A fourth possible heat-related death was reported in Umatilla County, on the state’s east side, according to Oregon Public Broadcasting.

Portland reached 102 degrees Fahrenheit on Tuesday, setting a new daily record for July 26. Seattle broke its daily record the same day, rising to 94 degrees.
Parts of the inland Northwest, which are more accustomed to searing temperatures, neared 110 degrees at times this week.

The heat wave, which forecasters expect to continue into the weekend, was a reminder of the risks that extreme heat poses in the Pacific Northwest, where people west of the Cascade mountains are poorly adapted for extreme heat and natural systems are vulnerable to soaring temperatures.

While damaging, the impacts of the heat wave remained less significant through Friday compared to the heat dome last year, which stunned the Pacific Northwest as  temperatures in some places soared five degrees or more past all-time highs.

Seattle temperatures crested at 108 degrees, and Portland hit 116. Hundreds died.

Temperatures this year were not expected to reach such dangerous levels, and local governments had spent the cooler months preparing for impacts — with some evidence that the new planning, while incomplete, was paying off. 

June 2021’s heat wave was “virtually impossible,” according to some experts, if not for the impacts of climate change.

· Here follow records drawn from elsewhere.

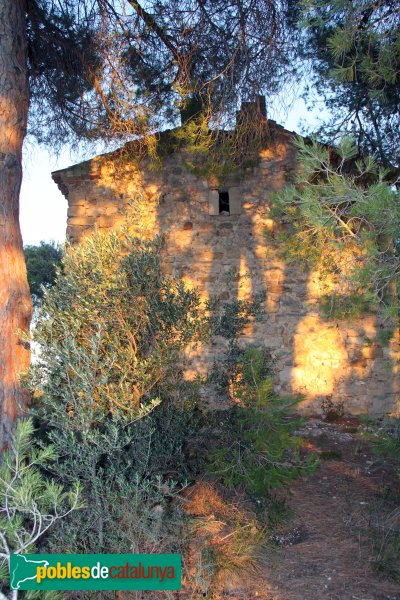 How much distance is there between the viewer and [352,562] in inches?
150

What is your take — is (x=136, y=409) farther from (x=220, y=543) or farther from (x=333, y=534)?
(x=333, y=534)

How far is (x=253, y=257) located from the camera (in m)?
8.05

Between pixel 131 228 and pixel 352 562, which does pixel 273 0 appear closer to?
pixel 131 228

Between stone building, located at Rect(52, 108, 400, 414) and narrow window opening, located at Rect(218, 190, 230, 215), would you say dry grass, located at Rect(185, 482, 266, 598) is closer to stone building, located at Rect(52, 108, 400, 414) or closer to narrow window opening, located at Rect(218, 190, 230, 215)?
stone building, located at Rect(52, 108, 400, 414)

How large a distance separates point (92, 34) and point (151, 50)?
2.42ft

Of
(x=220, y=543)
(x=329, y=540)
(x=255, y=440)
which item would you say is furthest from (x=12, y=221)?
(x=329, y=540)

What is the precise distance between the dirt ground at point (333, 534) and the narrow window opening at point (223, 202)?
3622mm

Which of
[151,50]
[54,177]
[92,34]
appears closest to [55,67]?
[92,34]

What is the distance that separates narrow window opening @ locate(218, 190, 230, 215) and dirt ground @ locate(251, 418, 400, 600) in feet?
11.9

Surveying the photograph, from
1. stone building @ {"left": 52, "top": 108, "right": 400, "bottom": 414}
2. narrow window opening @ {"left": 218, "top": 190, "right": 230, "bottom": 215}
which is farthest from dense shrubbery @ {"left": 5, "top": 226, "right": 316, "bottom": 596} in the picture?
narrow window opening @ {"left": 218, "top": 190, "right": 230, "bottom": 215}

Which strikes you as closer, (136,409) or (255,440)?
(136,409)

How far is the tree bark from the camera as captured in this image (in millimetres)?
4586

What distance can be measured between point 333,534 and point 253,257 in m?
4.52

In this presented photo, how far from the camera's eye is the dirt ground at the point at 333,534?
3523 mm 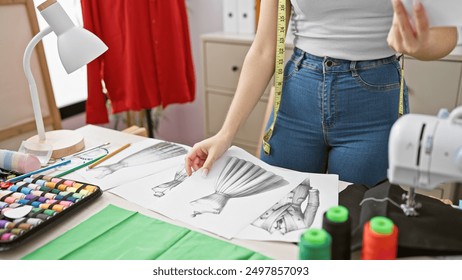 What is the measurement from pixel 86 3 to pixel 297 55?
113 cm

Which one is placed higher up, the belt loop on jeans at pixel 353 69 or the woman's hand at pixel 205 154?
the belt loop on jeans at pixel 353 69

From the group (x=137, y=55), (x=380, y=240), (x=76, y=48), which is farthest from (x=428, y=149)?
(x=137, y=55)

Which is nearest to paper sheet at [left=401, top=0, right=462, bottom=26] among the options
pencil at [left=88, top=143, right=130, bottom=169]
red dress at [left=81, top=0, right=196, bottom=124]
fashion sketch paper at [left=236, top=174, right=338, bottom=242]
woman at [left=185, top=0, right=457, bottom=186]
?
woman at [left=185, top=0, right=457, bottom=186]

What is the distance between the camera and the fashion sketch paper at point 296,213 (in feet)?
2.75

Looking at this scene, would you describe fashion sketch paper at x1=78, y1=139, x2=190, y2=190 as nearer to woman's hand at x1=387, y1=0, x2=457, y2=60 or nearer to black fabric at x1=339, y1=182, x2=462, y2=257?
black fabric at x1=339, y1=182, x2=462, y2=257

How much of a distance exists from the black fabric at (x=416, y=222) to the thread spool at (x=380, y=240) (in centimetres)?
5

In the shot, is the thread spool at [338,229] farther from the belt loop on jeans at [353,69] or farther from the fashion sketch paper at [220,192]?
Result: the belt loop on jeans at [353,69]

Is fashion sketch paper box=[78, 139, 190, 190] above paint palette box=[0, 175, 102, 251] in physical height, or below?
below

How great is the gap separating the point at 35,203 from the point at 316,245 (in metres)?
0.61

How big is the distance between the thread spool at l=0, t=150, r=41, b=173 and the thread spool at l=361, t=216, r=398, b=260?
85 centimetres

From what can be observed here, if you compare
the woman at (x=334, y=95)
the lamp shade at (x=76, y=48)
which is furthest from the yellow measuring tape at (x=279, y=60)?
the lamp shade at (x=76, y=48)

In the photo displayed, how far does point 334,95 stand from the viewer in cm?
109

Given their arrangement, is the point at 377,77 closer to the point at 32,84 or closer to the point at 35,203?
the point at 35,203

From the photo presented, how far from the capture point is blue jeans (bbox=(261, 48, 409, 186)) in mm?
1063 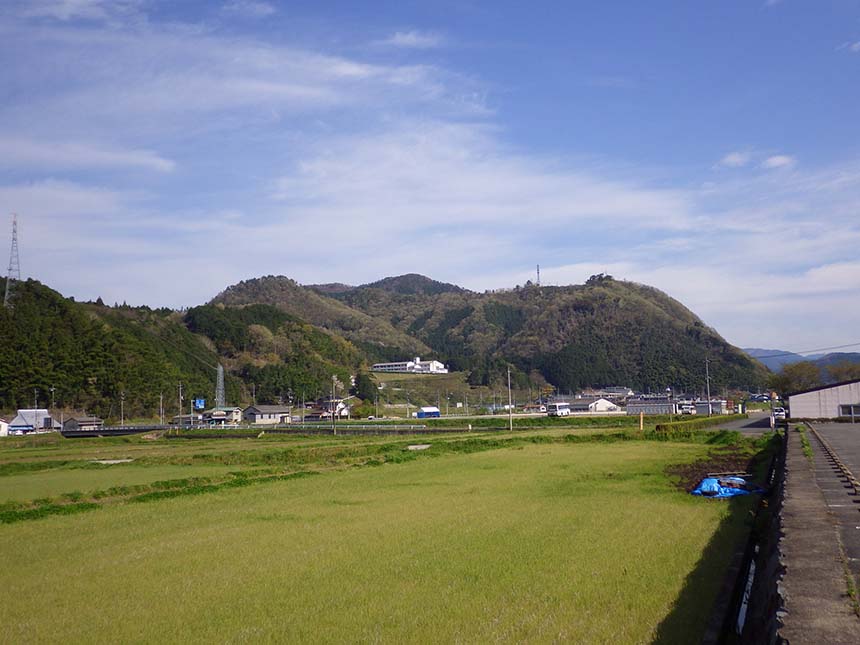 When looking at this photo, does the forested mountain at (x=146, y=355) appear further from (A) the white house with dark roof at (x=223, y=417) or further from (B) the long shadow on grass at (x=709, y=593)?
(B) the long shadow on grass at (x=709, y=593)

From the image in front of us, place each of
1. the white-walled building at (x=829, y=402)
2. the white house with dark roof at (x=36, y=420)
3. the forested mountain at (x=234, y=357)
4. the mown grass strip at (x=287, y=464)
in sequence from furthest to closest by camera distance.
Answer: the forested mountain at (x=234, y=357) < the white house with dark roof at (x=36, y=420) < the white-walled building at (x=829, y=402) < the mown grass strip at (x=287, y=464)

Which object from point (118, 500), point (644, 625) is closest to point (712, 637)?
point (644, 625)

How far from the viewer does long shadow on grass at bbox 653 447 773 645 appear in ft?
21.5

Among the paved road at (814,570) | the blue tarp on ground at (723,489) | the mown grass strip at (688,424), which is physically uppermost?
the paved road at (814,570)

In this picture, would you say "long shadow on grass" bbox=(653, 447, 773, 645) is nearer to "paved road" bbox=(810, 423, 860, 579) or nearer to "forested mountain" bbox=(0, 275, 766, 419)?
"paved road" bbox=(810, 423, 860, 579)

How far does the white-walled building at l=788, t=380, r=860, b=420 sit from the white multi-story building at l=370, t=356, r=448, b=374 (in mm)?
119177

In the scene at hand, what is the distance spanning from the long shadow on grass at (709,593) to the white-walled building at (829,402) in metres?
41.0

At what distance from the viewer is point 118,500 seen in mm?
18922

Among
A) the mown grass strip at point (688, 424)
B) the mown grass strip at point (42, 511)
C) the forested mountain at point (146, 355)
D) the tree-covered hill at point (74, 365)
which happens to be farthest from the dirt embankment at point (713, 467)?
the forested mountain at point (146, 355)

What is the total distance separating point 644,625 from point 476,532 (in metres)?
5.39

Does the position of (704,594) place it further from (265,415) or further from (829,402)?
(265,415)

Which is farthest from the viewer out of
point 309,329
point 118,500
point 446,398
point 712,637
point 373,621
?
point 309,329

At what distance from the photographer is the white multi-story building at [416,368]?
166375 mm

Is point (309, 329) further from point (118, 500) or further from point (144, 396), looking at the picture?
point (118, 500) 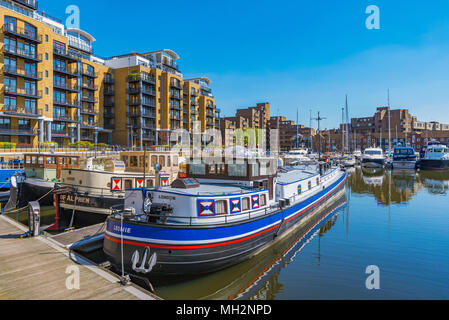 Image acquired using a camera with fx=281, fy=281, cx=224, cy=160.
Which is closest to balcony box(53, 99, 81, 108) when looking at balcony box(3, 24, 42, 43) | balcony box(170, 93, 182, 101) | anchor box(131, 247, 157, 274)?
balcony box(3, 24, 42, 43)

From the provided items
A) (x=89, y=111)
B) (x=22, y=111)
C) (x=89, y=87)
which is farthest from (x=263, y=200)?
(x=89, y=87)

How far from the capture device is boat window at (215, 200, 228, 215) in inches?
460

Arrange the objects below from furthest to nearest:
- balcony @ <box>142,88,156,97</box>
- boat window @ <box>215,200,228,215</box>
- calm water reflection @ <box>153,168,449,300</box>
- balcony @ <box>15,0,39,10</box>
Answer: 1. balcony @ <box>142,88,156,97</box>
2. balcony @ <box>15,0,39,10</box>
3. boat window @ <box>215,200,228,215</box>
4. calm water reflection @ <box>153,168,449,300</box>

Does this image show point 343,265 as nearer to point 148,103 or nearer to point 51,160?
point 51,160

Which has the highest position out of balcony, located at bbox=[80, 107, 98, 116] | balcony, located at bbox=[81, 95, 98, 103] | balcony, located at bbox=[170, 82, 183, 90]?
balcony, located at bbox=[170, 82, 183, 90]

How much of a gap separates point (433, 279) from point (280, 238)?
22.8 ft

Searing temperatures crumbled streets in Seattle, caused baby birds to jump to their deaths across the region, killed millions of sea creatures along the coastline and cost Washington state about one-fifth of its cherry crop.

This year, cool spring weather, which helped build a hearty mountain snowpack, buffered some of the recent heat, and officials said they were better prepared after hard lessons last year.

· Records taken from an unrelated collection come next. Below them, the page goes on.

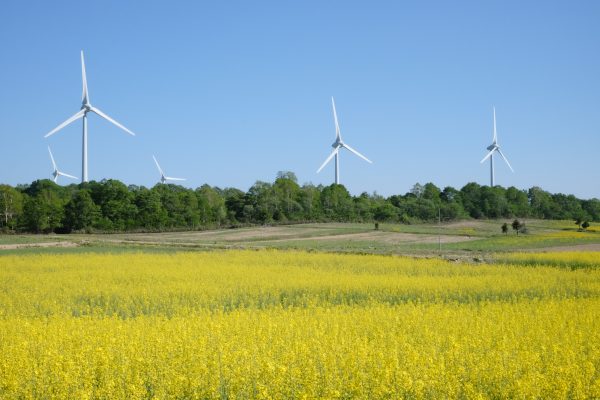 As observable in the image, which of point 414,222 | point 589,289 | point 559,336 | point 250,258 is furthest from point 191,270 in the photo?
point 414,222

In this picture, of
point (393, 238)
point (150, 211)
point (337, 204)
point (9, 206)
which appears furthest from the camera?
point (337, 204)

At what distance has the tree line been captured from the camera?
101062mm

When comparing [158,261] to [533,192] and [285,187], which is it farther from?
[533,192]

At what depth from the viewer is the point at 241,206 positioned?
12706cm

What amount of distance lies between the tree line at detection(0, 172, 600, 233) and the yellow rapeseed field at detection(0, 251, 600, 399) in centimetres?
7765

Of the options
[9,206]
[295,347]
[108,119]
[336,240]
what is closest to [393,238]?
[336,240]

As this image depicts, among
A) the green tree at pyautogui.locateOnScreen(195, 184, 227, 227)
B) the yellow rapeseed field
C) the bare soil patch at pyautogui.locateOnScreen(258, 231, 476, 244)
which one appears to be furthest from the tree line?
the yellow rapeseed field

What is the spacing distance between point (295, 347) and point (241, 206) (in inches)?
4535

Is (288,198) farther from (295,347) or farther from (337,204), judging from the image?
(295,347)

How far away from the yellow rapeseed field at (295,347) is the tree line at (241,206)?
3057 inches

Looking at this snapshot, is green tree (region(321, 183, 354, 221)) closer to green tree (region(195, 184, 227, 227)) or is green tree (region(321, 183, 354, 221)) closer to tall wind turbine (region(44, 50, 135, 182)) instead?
green tree (region(195, 184, 227, 227))

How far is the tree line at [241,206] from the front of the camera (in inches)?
3979

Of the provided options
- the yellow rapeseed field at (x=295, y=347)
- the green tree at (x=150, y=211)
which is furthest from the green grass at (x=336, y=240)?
the yellow rapeseed field at (x=295, y=347)

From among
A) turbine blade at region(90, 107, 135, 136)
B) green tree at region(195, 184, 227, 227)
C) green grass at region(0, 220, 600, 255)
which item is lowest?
green grass at region(0, 220, 600, 255) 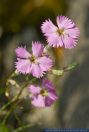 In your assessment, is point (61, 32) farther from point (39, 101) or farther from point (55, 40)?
point (39, 101)

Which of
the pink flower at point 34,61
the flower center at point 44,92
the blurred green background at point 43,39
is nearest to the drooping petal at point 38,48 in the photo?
the pink flower at point 34,61

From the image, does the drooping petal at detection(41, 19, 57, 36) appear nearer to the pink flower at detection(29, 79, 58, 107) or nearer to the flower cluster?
the flower cluster

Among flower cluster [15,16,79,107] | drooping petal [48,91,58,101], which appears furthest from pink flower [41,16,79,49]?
drooping petal [48,91,58,101]

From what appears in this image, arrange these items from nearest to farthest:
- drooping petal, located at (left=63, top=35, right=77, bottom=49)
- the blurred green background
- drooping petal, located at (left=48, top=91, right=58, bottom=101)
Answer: drooping petal, located at (left=63, top=35, right=77, bottom=49), drooping petal, located at (left=48, top=91, right=58, bottom=101), the blurred green background

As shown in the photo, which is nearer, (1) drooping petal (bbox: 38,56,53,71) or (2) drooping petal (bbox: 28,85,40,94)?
(1) drooping petal (bbox: 38,56,53,71)

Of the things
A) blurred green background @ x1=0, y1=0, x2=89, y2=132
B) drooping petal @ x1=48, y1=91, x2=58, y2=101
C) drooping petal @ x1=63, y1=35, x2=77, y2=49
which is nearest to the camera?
drooping petal @ x1=63, y1=35, x2=77, y2=49

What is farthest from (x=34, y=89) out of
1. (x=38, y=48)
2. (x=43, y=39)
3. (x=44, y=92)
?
(x=43, y=39)

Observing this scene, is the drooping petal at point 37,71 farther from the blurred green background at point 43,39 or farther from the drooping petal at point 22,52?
the blurred green background at point 43,39

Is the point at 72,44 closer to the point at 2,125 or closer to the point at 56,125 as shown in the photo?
the point at 2,125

The 2021 heat wave served as a wake-up call for the Northwest, where many households don’t have air conditioning. Many cities, including Seattle, didn’t have specific action plans for heat waves.

The city has since generated a draft report of recommendations following the 2021 heat wave and is working to finalize a new heat action plan, according to Lucia Schmit, an emergency planning coordinator with the city of Seattle.

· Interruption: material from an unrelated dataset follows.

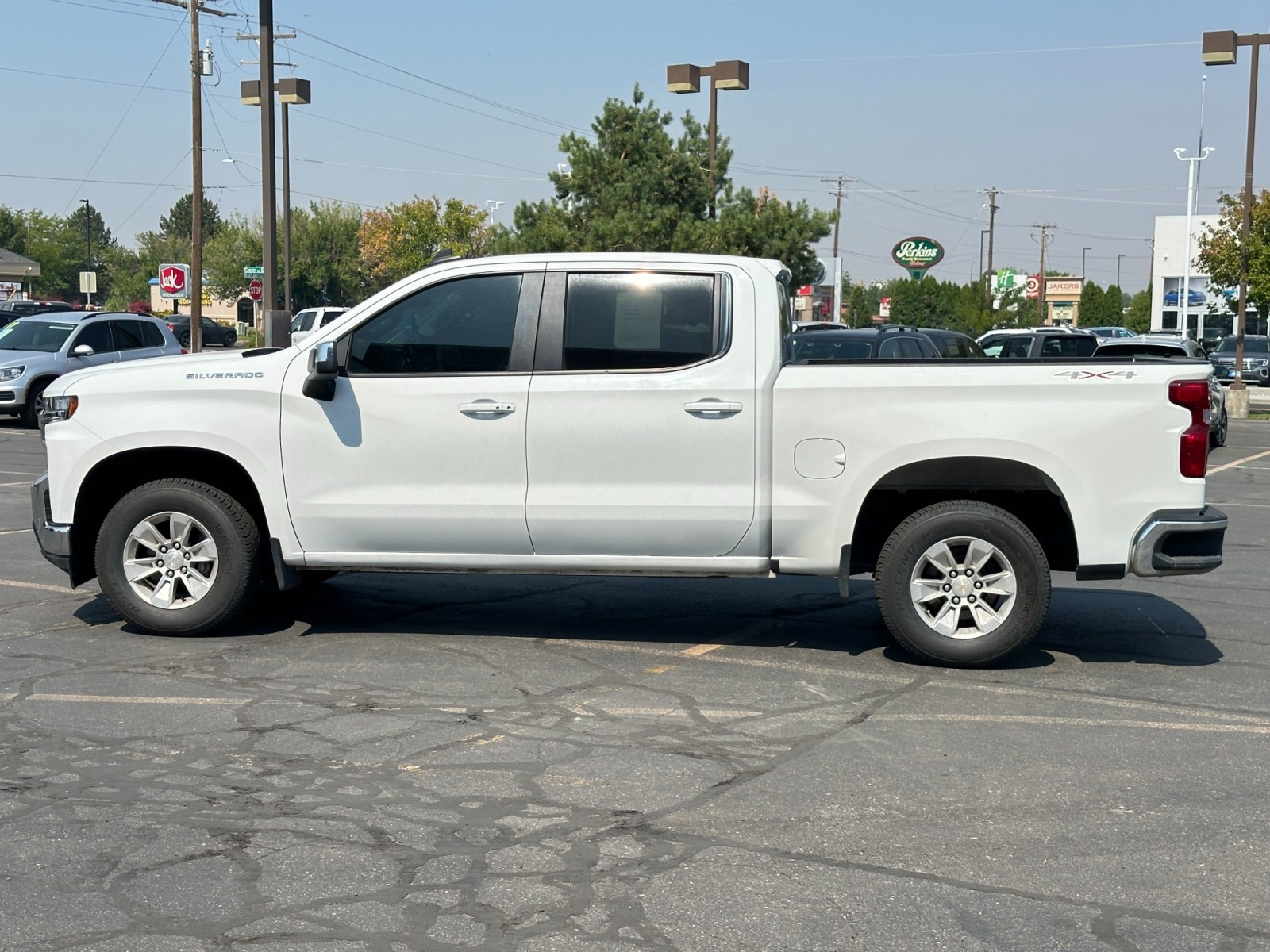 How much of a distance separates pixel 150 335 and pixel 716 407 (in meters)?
19.3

Schmit said recommendations were in action already. City workers delivered air conditioning units to senior centers that lacked cooling last week.

The regional homelessness authority set up cooling at homeless encampments. Coordination for the heat response began several days earlier than it did last year, Schmit said.

King County, which includes Seattle and its suburbs, is developing a heat mitigation strategy also. Portland started a program to provide cooling heat-pump devices for low-income residents.

Washington state’s workplace safety regulator rolled out new emergency heat rules in an attempt to better protect outdoor workers. Oregon in May introduced new permanent rules.

This year, state and local public health agencies fired off a flurry of heat messages many days before the temperatures spiked.

Last summer, 157 deaths from heat-related illnesses were reported in Washington state; most were recorded during the three-day heat wave that June.

Nearly 100 deaths were reported in Oregon during the heat wave. The true toll is likely higher, as heat often exacerbates concerns like heart or kidney conditions but isn’t implicated directly in official death data.

The 2021 heat dome wrought disastrous environmental effects. Shellfish were exposed by low tides that came during the hottest times of the day, leaving the creatures to steam onshore to their deaths.

Some fish die-offs were reported in overheated streams. Intense temperatures sunburned cherries, forcing some growers to abandon their crop altogether.

This year’s heat wave was primed for less dire impacts.